Коля расслабился – сейчас выпьем по-товарищески, да спроважу ее.
– Коля, рыба есть у тебя?
Коля вышел в сени, погрохотал мороженными седыми ленками, порубил одного на строганину. Когда вошел с дымящейся грудой на тарелке, Рая, чуть отвалясь меловым торсом, сидела в черном бюстгальтере на диване. Бретельки сброшены с плеч. Литая грудь вздувается невыносимым изгибом, двумя белыми волнами уходит под черное кружевце. Ткань чуть прикасается, еле держится на больших заострившихся сосках. Волосы рассыпаны вдоль щек, в улыбке торжество, темные глаза сияют, ножка постукивает по полу. Коля на секунду замер, а потом ломанулся в сени и заложил дверь.
Уже потом спросил:
– А тебе можно сегодня?
А она со спокойной горечью ответила:
– Мне всегда можно.
И его как обожгло: «Что горожу – у них же с детьми беда».

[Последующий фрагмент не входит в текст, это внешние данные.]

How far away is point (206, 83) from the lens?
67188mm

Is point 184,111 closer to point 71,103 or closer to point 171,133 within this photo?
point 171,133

Рая глотнула чаю, прищурилась:
– А я думала, ты более стойкий. Вот какие вы. Охотнички…
Коля с самого начала ненавидел себя за свою слабость, теперь стало еще гаже. Хотелось, чтоб она быстрее ушла:
– Не пора тебе? – осторожно спросил.
– Не волнуйся, он до утра теперь. Полежи со мной.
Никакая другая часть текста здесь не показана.